CSS box model hack alternative

by Volker Weber

Check out trick # 6 in this list of CSS tricks.

On a slightly related note, Microsoft urges developers to prepare for IE 7. This can only mean one thing: The next version is going to be as broken as the other ones. If it would just render the standard, there would be no need to prepare.

Microsoft, please, it is really easy. Make IE 7 adhere to the web standards. Make it compatible with Firefox, Mozilla and Opera. Web developers will start to respect you.


Volker, we all don't understand that Microsoft is optimizing the ugly standard. They do it to make the internet for all users more useful. The standards are not innovative enough so MS has to enhance it with special proprietary functions and behavior of IE. And as MS is doug all this selfless things to the community all the other Browsers should include this way of rendering in their Browsers...don't forget only MS knows what's good for us...

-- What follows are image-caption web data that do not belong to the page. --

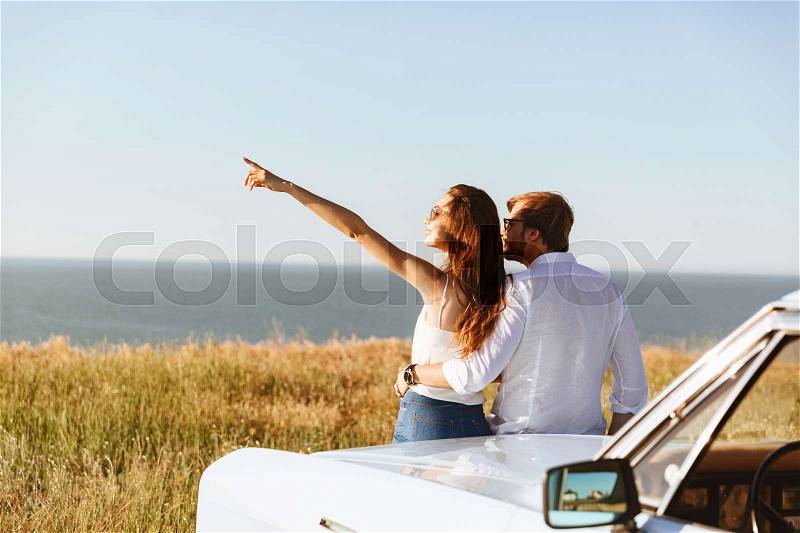 Back view of Young lovely couple standing near the retro car while woman, stock photo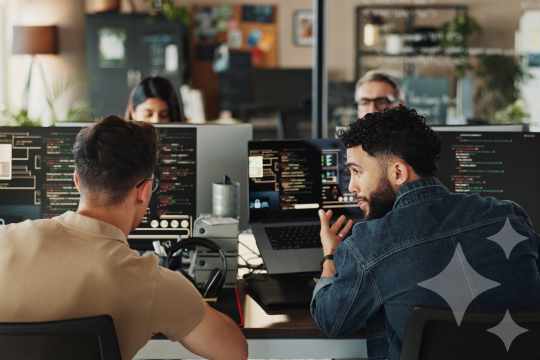 Image of two male colleagues working together in front of 2 laptop screens. Visual used as a feature image for ServiceNow Now Assist blog.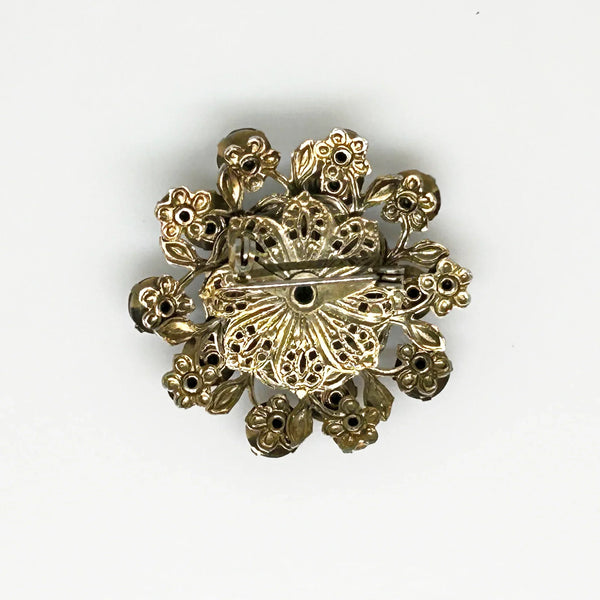 This dazzling brooch features a large octagonal purple stone at its center, surrounded by sparkling lavender and purple round stones. Its two-tiered design highlights the bezel-set centerpiece, making it truly eye-catching. With intricate details that showcase exceptional Czech craftsmanship,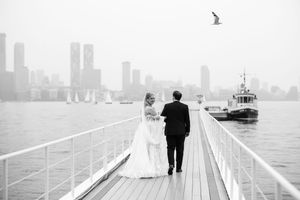 Black and white photo of a bride and groom walking on a pier with a city skyline and boat in the background.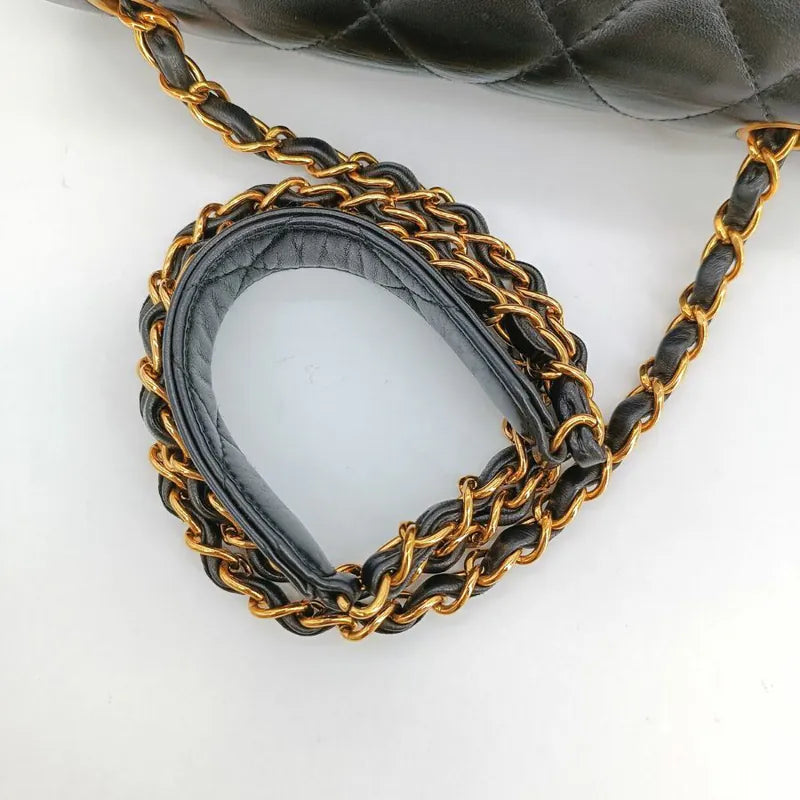 jah125-chanel-vintage-black-lambskin-quilted-flap-bag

Damned can't include the ironic tags ;-)

Sven Semel, 2005-07-22

If you create a more or less complex site, the CSS grows due to MSIE5/6 workarounds. So far, I've decided to use some html tables (uh!) for the base layout to avoid many weird IE bugs and workarounds in the CSS. In these tables I use css of course for positioning, layout, ...
To be honest: I've never believed that MS would improve the IE in the way being more compatible to the web standards since they always were arrogant regarding this matter (and other matters, too...).

As I've seen the announcement of IE7, I (as many others) thought: where is the innovation? Nice that they are going to include (copy) tabbed browsing, rss support, etc. Which non-MS-browser does not support these announced features (except these proprietary "features" as not to support web standards)?

Well, many successful companies focus on core business, and outsource non core business. Microsoft does not. Yet another GE like company. I still miss Microsoft fridges, microwaves, etc.

Michael Schmid, 2005-07-23

On the other hand, I've seen a lot of folks complaining about IE just to find out that they still didn't use a proper DOCTYPE to make sure IE isn't in quirks-mode. A lot of CSS issues with IE6 go away when not in quirks mode. So, if you're scratching your head now, you're probably one of those candidates... ;-)

Thomas Gumz, 2005-07-23

Perhaps they are on the right way.

Beate Paland, 2005-07-23

Could you imagine the fallout if MS went the standards route? Poor web rendering (perceived) is one reason why more people haven't switched to something like Firefox. Even though it's standards-based, many consumer websites are coded for IE (or with IE products...). If MS went with standards with IE7, there would have to be a lot of re-development.